L1 fails when: the work takes longer than your platform's timeout, the caller is a user who cannot tolerate a 30-second spinner, or you need retry-with-backoff on external API failures. When any of those become true -- and not before -- you move to L2.
L2 Background job queue -- fire-and-forget with retry
A queue accepts a message, persists it, and delivers it to a worker with retry semantics. Redis/BullMQ, AWS SQS, Supabase pgmq, and Upstash QStash all live here. The mental model is: "send this message, retry on failure, I do not need to coordinate multiple steps."
L2 is right for: email sending, webhook delivery, image processing, search indexing, single-step jobs where the only orchestration is "retry if it fails." You do not need Temporal for sending an email. You do not need Airflow for resizing an image.
L2 fails when: you need multi-step coordination (step A feeds into step B, and if step B fails, you need to compensate step A), fan-out (one event triggers N parallel handlers), or human-in-the-loop approval gates. That is when you need L3.

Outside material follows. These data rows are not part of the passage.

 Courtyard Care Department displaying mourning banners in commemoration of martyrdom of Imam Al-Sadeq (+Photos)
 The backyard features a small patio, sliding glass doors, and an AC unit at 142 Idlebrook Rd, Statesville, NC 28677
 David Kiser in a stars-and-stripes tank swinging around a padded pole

L3 Workflow engine -- step functions with durable execution
Inngest, Temporal, and AWS Step Functions live here. The defining characteristic is step-level retry and state persistence: if step 3 of a 5-step workflow fails, the engine retries step 3 without re-running steps 1 and 2. The workflow's state is durable across failures, deploys, and container restarts.

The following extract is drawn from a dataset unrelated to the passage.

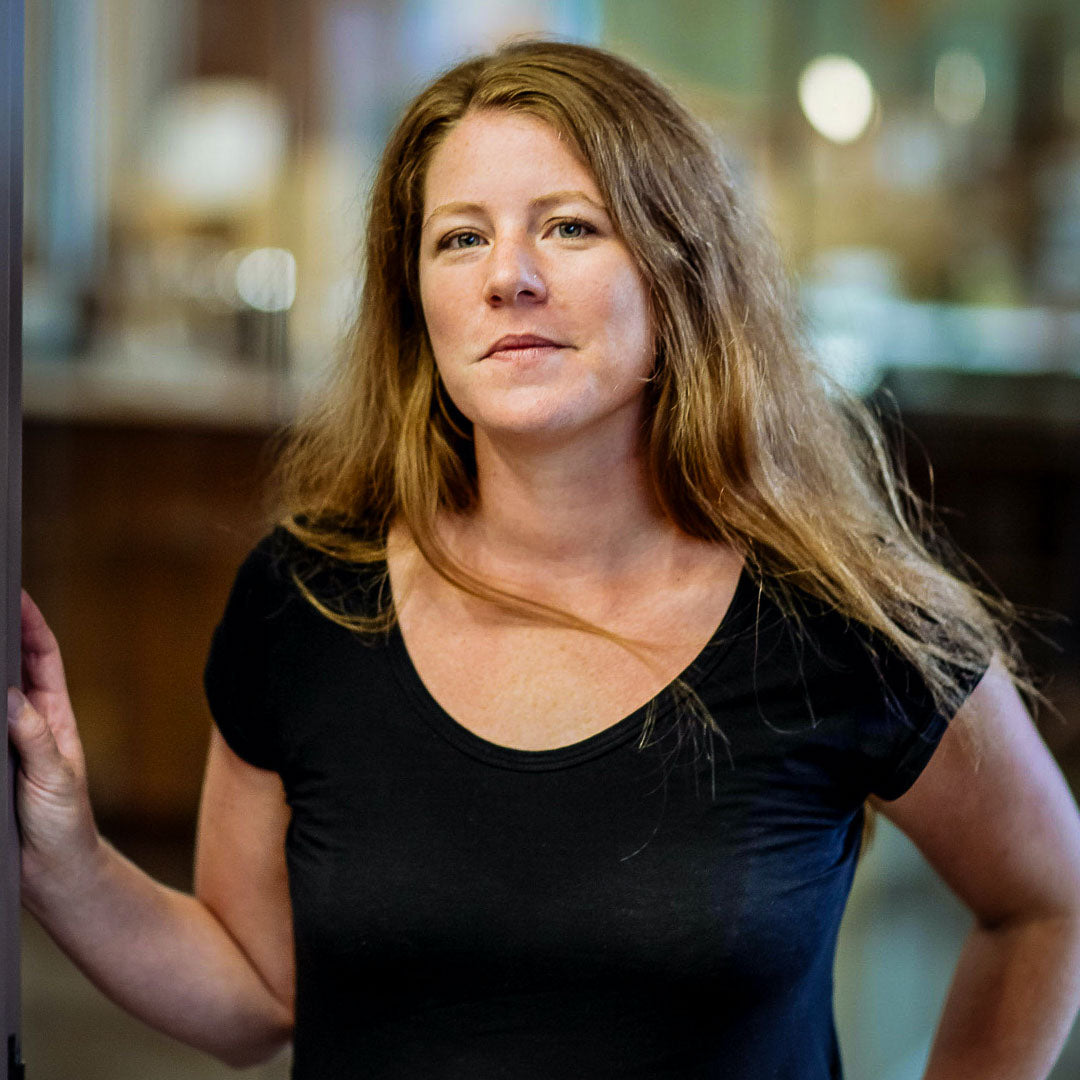 Woman wearing a black shirt in an indoor setting (Jamie Lamonde)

L3 is right for: multi-step pipelines (document upload, extraction, intelligence, notification), sagas with compensation (charge the card, book the hotel, if the flight fails then refund the card and cancel the hotel), long-running processes that span hours or days, and agent workflows where an AI makes decisions across multiple steps.
I deployed Inngest to production for a 5-step walkthrough generation pipeline: prepare context, generate script via Claude, render images, generate audio via ElevenLabs, persist to storage. Each step has independent retry. When ElevenLabs rate-limits at step 4, Inngest retries step 4 three times with exponential backoff. Steps 1-3 are not re-executed. The total setup time was 45 minutes from npm install inngest to the first successful production run. This pipeline is part of a broader agentic framework where AI systems act autonomously on behalf of users.
L4 Orchestration platform -- DAG-based scheduling for data pipelines
Airflow, Dagster, Prefect, Luigi, and Argo Workflows live here. The defining characteristic is DAG-based scheduling: directed acyclic graphs of tasks that run on a schedule, moving data between systems. The mental model is not "an event fires a function" but "a graph of tasks runs at 2 AM every night."
L4 is right for: nightly ETL (extract from Postgres, transform, load to Snowflake), ML training pipelines, BI report generation, dbt orchestration, batch processing of millions of records. If your homepage example code moves data from S3 to a data warehouse, you are looking at L4.
L4 is wrong for: web application background jobs. Using Airflow to send a confirmation email after a user action is a category error. It works, technically, but you are paying for a scheduler + executor + metadata database + web server running 24/7 to handle event-driven work that should be a function invocation.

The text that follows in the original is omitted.